You're right-ish, but... the problems of educational sciences are plenty, but most importantly the impossibility to run proper experiments, and the almost complete lack of fundamental, reliable knowledge about human cognition and learning. The bottom line is that they have no idea how learning works, nor how teaching works. Their findings should not be used as evidence. Only the largest effects could be cautiously used as guidelines for gradual and reversible change.
There's 200 countries to examine. Should be plenty of ways to get data to analyse. For some reason it seems to be minimal how much comparison we get. Whether comparisons we do get end up being a kind of contest, like PISA.
So we assign each difference to national differences. Or language. Or some other part of the environment.
If you could get say 50 countries to do a double blind experiment with two different teaching methods, you might make use of the scale.
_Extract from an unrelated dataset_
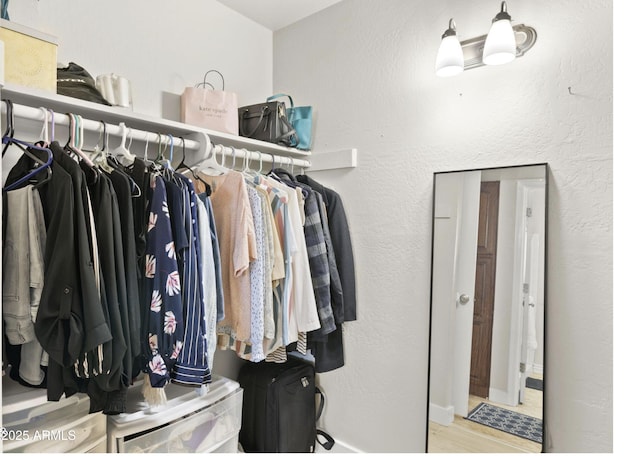 spacious closet with wood finished floors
But even then you can only conclude something if all results have (more or less) the same effect size, and what do you win? Little. You can't even generalize over countries, since it wasn't a representative sample. And that's ignoring all the aforementioned factors, and the near certainty of a less than flawless execution that will definitely screw up the results.
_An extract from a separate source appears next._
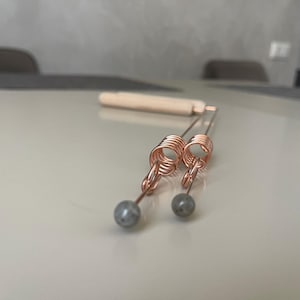 Op de afbeelding: Twee koperkleurige haarstyling tools met spiraalvormige ontwerpen en grijze kraalaccenten. Een houten handvat is op de achtergrond. De tools zijn ontworpen voor haarstyling en het creëren van krullen.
So I don't think "200 countries" will work. Such approaches have been tried with other, easier manipulations, like dieting, and it frequently turns out that interpreting the data isn't straight-forward. It isn't physics.
I wouldn't say the bar isn't lower. There are so many more variables than in physics, and you have so much less control over them, yet we don't really want less reliable conclusions.
If you want a physics metaphor: it's like dark matter: no idea what it is, where to begin, contradicting theories all around. But this is right under your nose. You've taken part in it, and if you work at uni, you still do.